Obama had his work cut out for him.

He responded with an all-out campaign of cajolery. It had not been easy for a Harvard man to become a regular guy to his colleagues. Obama had managed to do so by playing basketball and poker with them and, most of all, by listening to their concerns. Even Republicans came to respect him. One Republican state senator, Kirk Dillard, has said that “Barack had a way both intellectually and in demeanor that defused skeptics.”

The police proved to be Obama’s toughest opponent. Legislators tend to quail when cops say things like, “This means we won’t be able to protect your children.” The police tried to limit the videotaping to confessions, but Obama, knowing that the beatings were most likely to occur during questioning, fought — successfully — to keep interrogations included in the required videotaping.

By showing officers that he shared many of their concerns, even going so far as to help pass other legislation they wanted, he was able to quiet the fears of many.

Obama proved persuasive enough that the bill passed both houses of the legislature, the Senate by an incredible 35 to 0. Then he talked Blagojevich into signing the bill, making Illinois the first state to require such videotaping.

Obama’s ethics reform bill in the Illinois legislature was called by the Washington Post as “the most ambitious campaign reform in nearly 25 years, making Illinois one of the best in the nation on campaign finance disclosure.”

You can read a summary about Obama’s efforts in the Senate or go in detail (1, 2, 3).

Being a cynic, I don’t believe Barack Obama to be perfect.

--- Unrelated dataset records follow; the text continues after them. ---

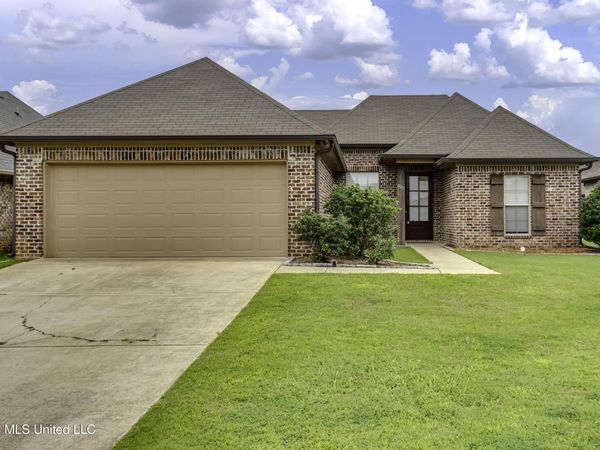 303 Ridge Pointe Drive, Brandon, MS 39042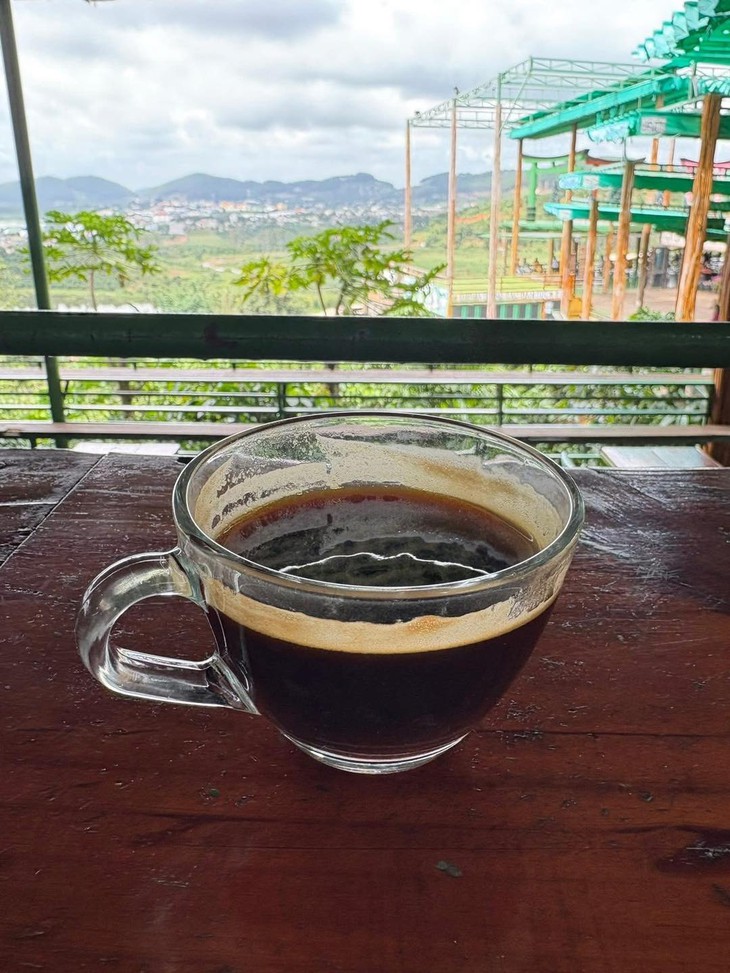 Tranh cãi ly cà phê giá 100.000 đồng ở Đà Lạt: bán nước hay bán view? - Ảnh 2.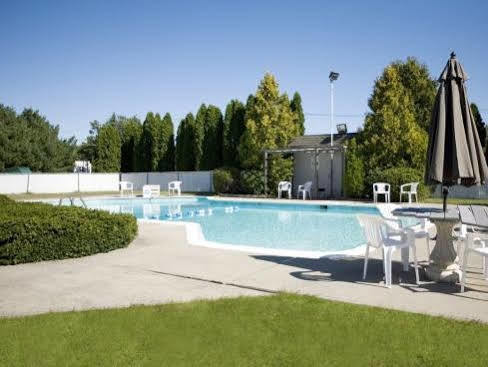 Americas Value Hotel 2*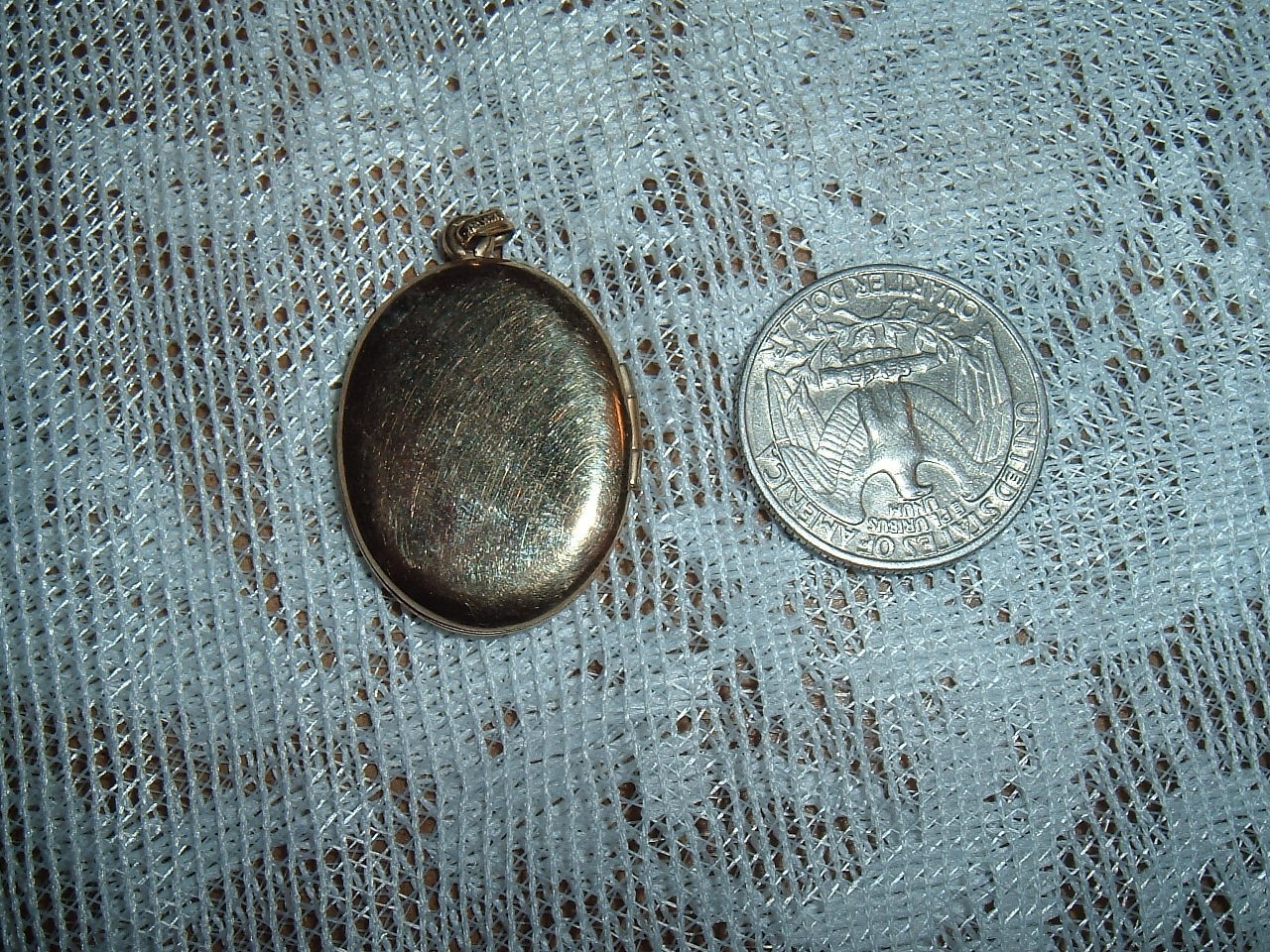 VINTAGE ETON 12K GOLD FILLED ETCHED FLOWER Charm LOCKET Pendant Necklace Jewelry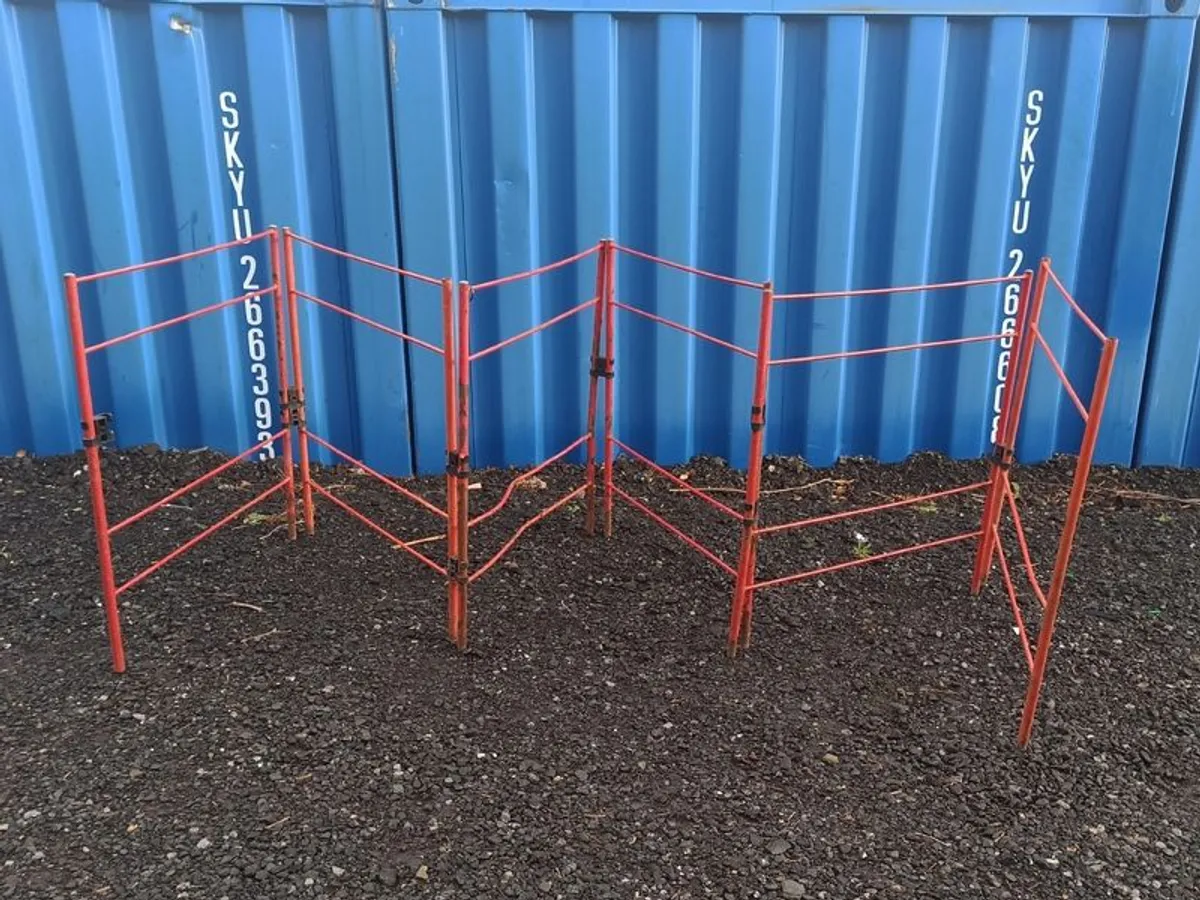 Road/footpath steel foldable safety barriers with polypropelene hinges 6pc - Image 2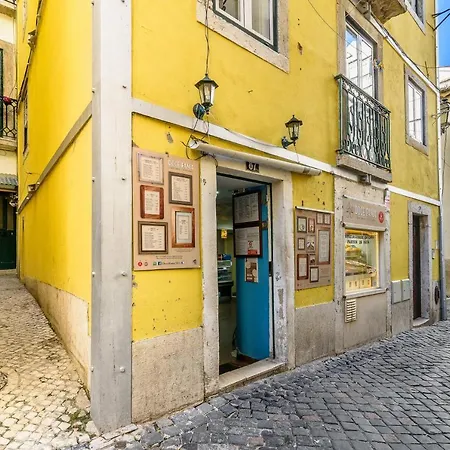 Apartment Joivy Cosy 1-bed Flat With Seaview In Alfama Lisbon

But nobody is. He is, however, the better candidate by far. Therefore, instead of just voting for him or contributing to his campaign, I decided to take some action and volunteer to make Barack Obama the next President of the United States.

I was going to write about my experience with the volunteering effort here in the northern suburbs of Atlanta, Georgia, but it’s too long already. So that will be next week. For now, I do want to point out the campaign donation graphic on the sidebar. Please donate to the Obama campaign by clicking here.

By Zack

Dad, gadget guy, bookworm, political animal, global nomad, cyclist, hiker, tennis player, photographer

4 comments

  1. Intersting idea about terrorism. He will get out of Iraq and concentrate on Afghanistan and Pakistan while Iraq and Afghanistan have already been destroyed and Pakistan is under destruction through America’s Pakistani mercenaries.

    What right USA has to attack other countries ?
    What does Obama expect from Pakistan ? Will people of Pakistan present flowers to Americans when they attack and kill innocent Pakistanis ?

    Why doesn’t Obama say that Americans want to rule the world by hook or by crook ?

  2. یہاں پاکستان میں اخبارات نے باراک اوباما کے کچھ بیانات کی کوریج اس طرح کی ہے جس سے یہاں اوباما کی مخالفت کا رجحان ہوا ہے۔ اوباما کے مقابلے میں جان مکین کی خبریں برائے نام دیکھنے کو ملیں۔ یہاں میں نے اکثر افراد کو اوباما کا ذکر منفی انداز میں کرتے دیکھا۔ کبھی شاذ و ناذ امریکی صدارتی الیکشن پر گفتگو ہو بھی تو لوگ ہیلری اور اوباما تک محدود رہتے ہیں۔ اور پھر اوباما کو وائٹ ہاؤس میں پہنچتا دیکھ کر کہتے ہیں کہ جان مکین ٹھیک ہے حالانکہ جان مکین کے بارے میں زیادہ معلومات نہیں ہیں۔

  3. Renee: Thanks.

    Dad: Obama expects Pakistan to act against terrorists. He expects them to act against Bin Laden and Zawahiri. And if Pakistan doesn’t act, then the US will act against Bin Laden and Zawahiri. I don’t find that problematic at all.